Nickerson said the inevitable calls for immediate action after a shooting often miss the point.

“We are getting better providing, unfortunately in some ways, the crisis intervention, but that’s after something terrible happens,” she said. “As we look toward solutions after something like this happens, people automatically go to highly expensive hardware sorts of solutions. Why don’t we have metal detectors? Where are the cameras? Where are the guards?

“I’m not saying those things aren’t important,” she said. “But to create a safe and secure environment, we have to address psychological safety and connectedness and how we are resolving conflicts that doesn’t involve more conflict. That is critically important, and our school-based mental health experts are trained to do that. But there aren’t enough people and not enough hours in the day currently with the way our staffing is.”

Though research and common sense say that schools should be properly staffed with health professionals, that has not been the focus of modern school reformers, who have focused not on the health of students but on testing metrics.

That was true in Democratic and Republican presidential administrations, including the current one. President Trump’s statement about the shooting in South Florida, which left 17 people dead, said in part:

Our administration is working closely with local authorities to investigate the shooting and learn everything we can. We are committed to working with state and local leaders to help secure our schools, and tackle the difficult issue of mental health.

Yet on Monday, his administration released a 2019 budget proposal that mental health professionals said does not show a commitment to tackling the many issues affecting mental health.

The National Association of School Psychologists, for example, expressed “deep concern” with specific proposed items, including gutting significant programs in the federal K-12 law. The American Psychological Association said while the budget includes additional resources to address the nation’s opioid epidemic, improve veterans’ health care and fund scientific research, it “would decimate critical education, justice and behavioral health workforce programs if enacted.”

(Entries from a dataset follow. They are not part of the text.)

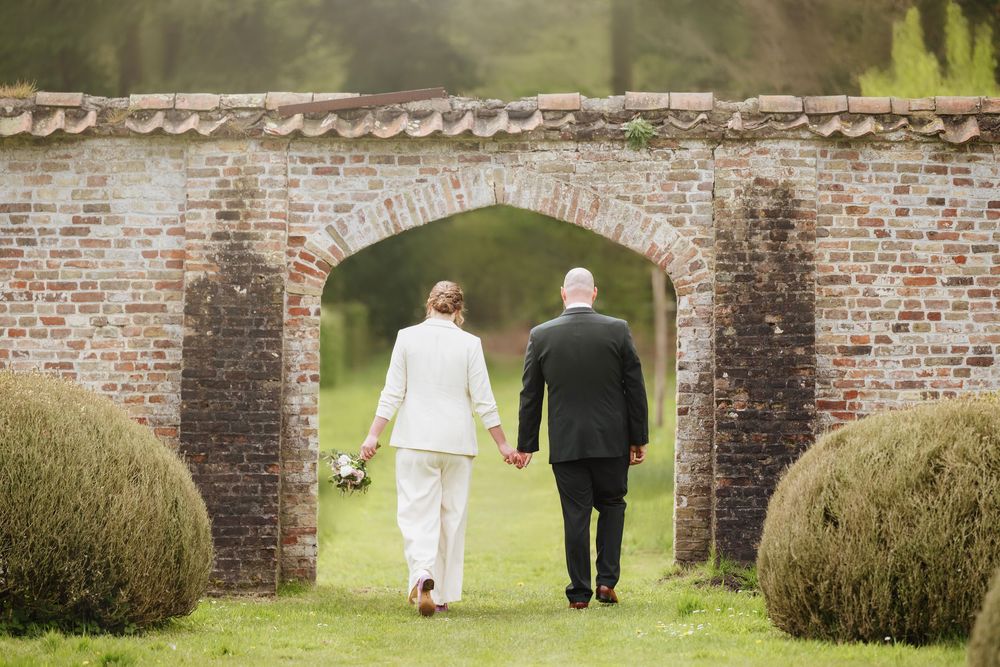 Bride and groom walking hand in hand through a rustic brick archway in a lush garden setting.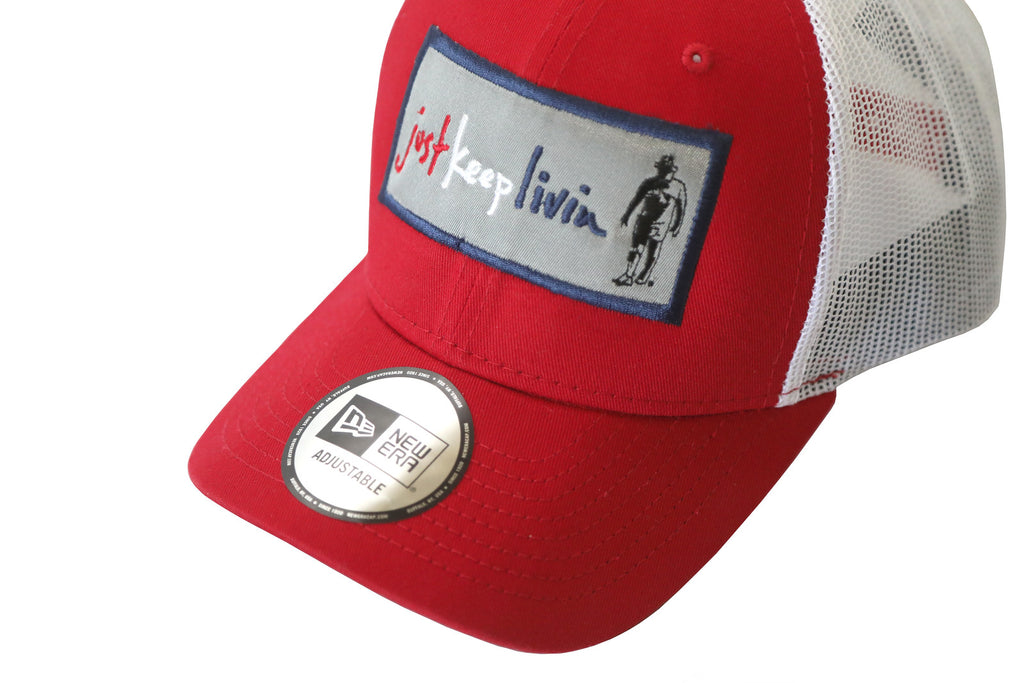 A red and white structured cap with a snapback design and an embroidered patch on the front featuring text and a graphic.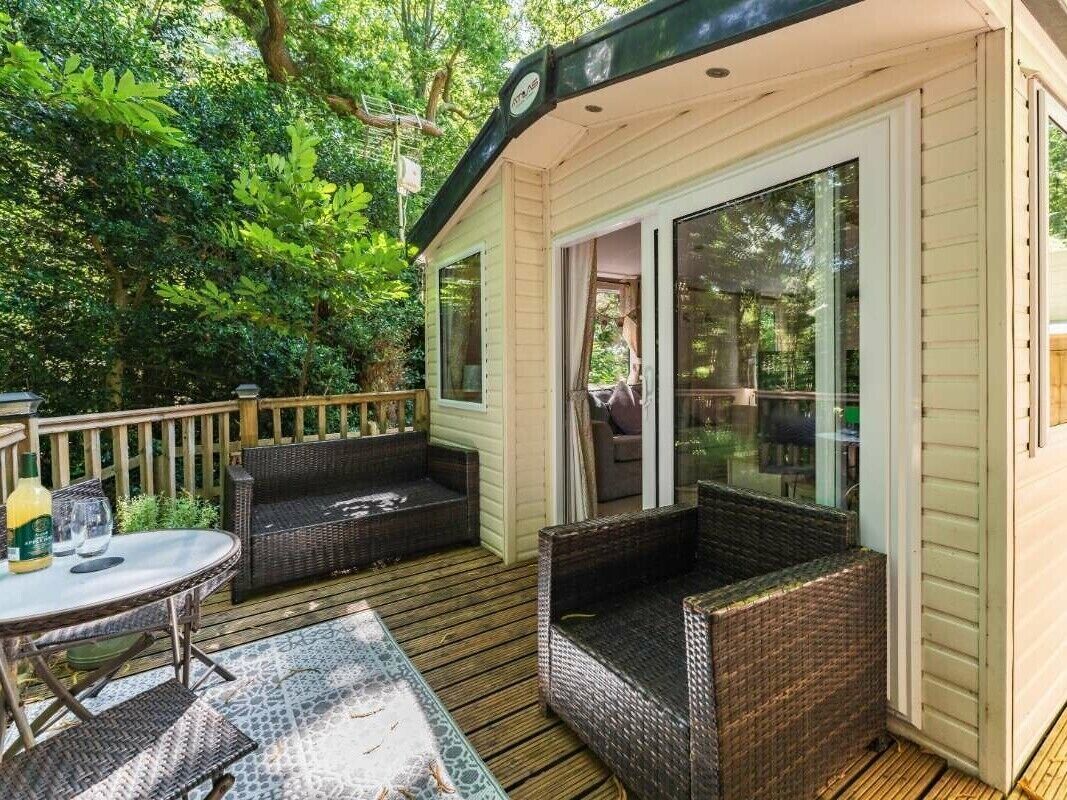 A covered outdoor seating area with wicker furniture, a glass table, and a wooden deck.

There is something else missing in the United States that affects the mental health of students, as explained in this Washington Post story about mass shootings at U.S. schools compared with other countries:

There’s also another crucial difference with the United States: extensive, mandatory health insurance, which allows schools to have direct and immediate access to psychologists and intervention teams.

Europeans had school shootings, too. Then they did something about it.

If schools are calling in grief counselors, it’s already too late to avoid disaster. And if Americans really cared about having the personnel in schools to address mental health needs, then schools would be adequately staffed with the professionals who students need to be healthy and do their best.